3.8. Re-Use and Regeneration of QCM Sensor

To explore the repeatability and stability, the developed QCM sensor was hybridised and de-hybridised between P-DNA and T-DNA. The experiment was repeated using the same concentrations and circumstances. There are some reports published on the de-hybridisation of T-DNA, including dipping the sensor in 1 mM HCl twice, each time for 30 s [51] and dipping the sensor in 0.1 M NaOH for 10 s followed by DI water rinsing [59]. However, this experiment used 0.5 M NaOH (in 3 M NaCl at a 1:1 ratio) for de-hybridisation [60]. As shown in Figure 13, after three cycles of de-hybridisation and re-hybridisation, the second and third hybridisation produced 82% and 80% of the first hybridisation signal, respectively.

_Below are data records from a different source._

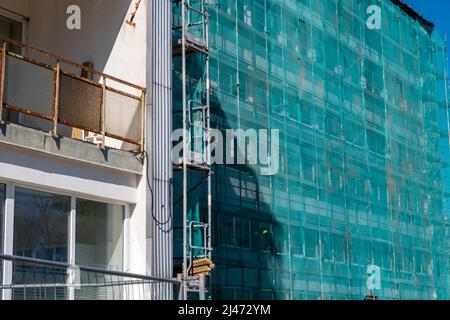 Rete di sicurezza di protezione verde avvolta per edifici in costruzione. Foto Stock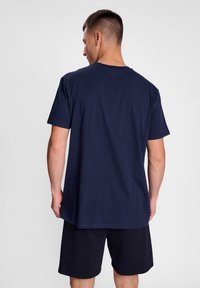 Mørkeblå bomulls t-skjorte med korte ermer, rund hals og en avslappet passform, kombinert med svarte shorts. Enkelt design, ingen synlige mønstre.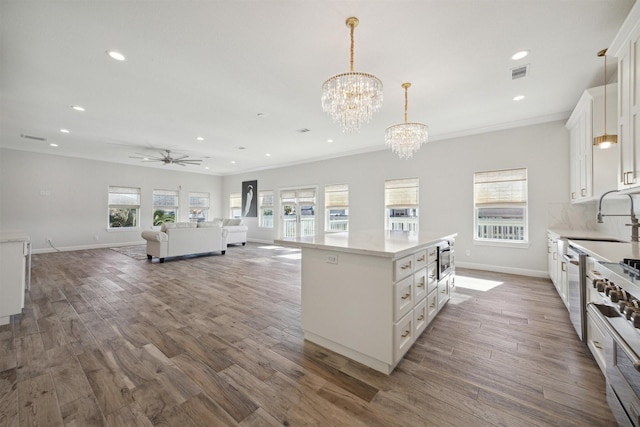 kitchen featuring hanging light fixtures, white cabinets, a healthy amount of sunlight, and a kitchen island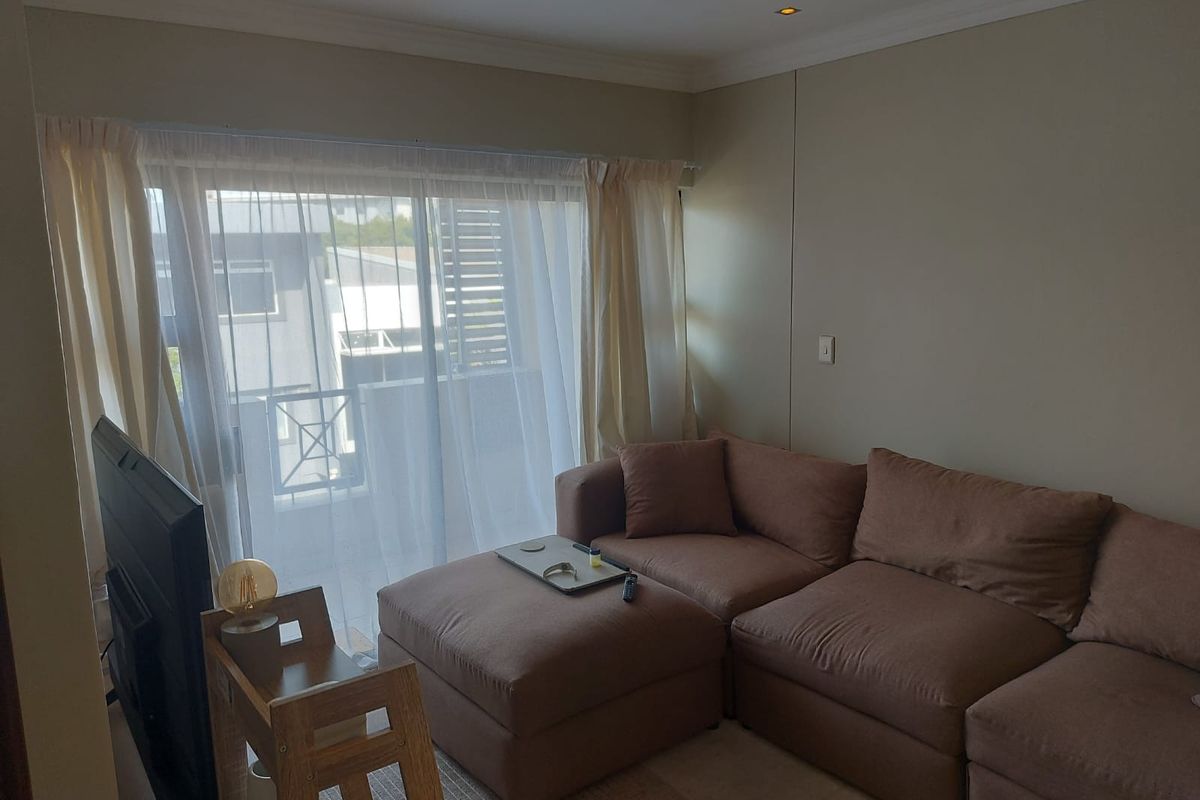 A living room featuring recessed downlights, coving, and a sliding glass door providing access to an outdoor area.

In this study, regeneration steps removed the DNA SAM layer, thiolate surface and oxidised Au sensor surface. The regenerated sensor frequency shifted positively (~+10 Hz) compared to the pristine QC, as shown in Figure 13. The proclaimed efficiency of sensor regeneration using NaBH₄ is about 90% [61]. Ultrasonication can remove the physisorbed contaminants and break the covalent bonds by cavitation (20–70 K Pascals and localised temperature up to 5000 K) [62]. Plasma cleaning/etching (here we used Ar gas plasma) is an effective and efficient technique to remove metal oxide layers (a few nanometres) [63]. The energised Ar ions are enough to knock out a few atomic layers of the sensor surface (Au surface), which might be thiolated Au (Au-S) and oxidised Au, and those exhibit a positive shift in the sensor frequency. This developed protocol has 100% efficiency in sensor regeneration and creates a highly hydrophilic Au surface (supposed to have +ve charge), which is essential for probe (−ve charged Au-S DNA) incubation. In fact, each sensor could regenerate more than 15 times in our case study, and the generated sensor could be used as new for further experiments.

3.9. Shelf-Life of the Developed Sensor

The analytical performance of the developed sensor was also evaluated over a month, as shown in Figure 14. Sensor stability was assessed every 5 days for 45 days, and frequency responses were measured. The results showed that the sensors were effectively preserved for a certain period and later degraded gradually. The biosensor generated a stable response over 25 days with a deviation of −12 Hz, the value of which corresponds to the blank QC variation with DPEC water, and further degradation might be attributed to the denaturalisation of P-DNA strands from the sensor. This establishes the shelf-life of the biosensor over the specified duration.

4. Conclusions

In summary, the developed QCM-based biosensors were able to detect the SARS-CoV-2-related DNA (T-DNA) and RNAs (samples from the hospitals). The proposed dry-QCM method brought high stability, a fast response time and mitigated the usage of wet reagents during the measurement. Temperature-assisted incubation enhanced the P-DNA SAM formation on the sensor surface. Contact angle measurements, AFM, and XPS provided adequate evidence of P-DNA SAM formation, thiol interactions via Au-S bond formation, and probe–target hybridisation. The developed sensor is particular to the T-DNA and COVID-19 RNA (from nasopharyngeal swab) samples. The obtained LoD was 1.03 PM for T-DNA, and the shelf life of the developed sensor was 25 days. Re-use of the developed sensor is possible for up to 5 times, and in terms of regeneration, the sensor is able to be extended more than 15 times.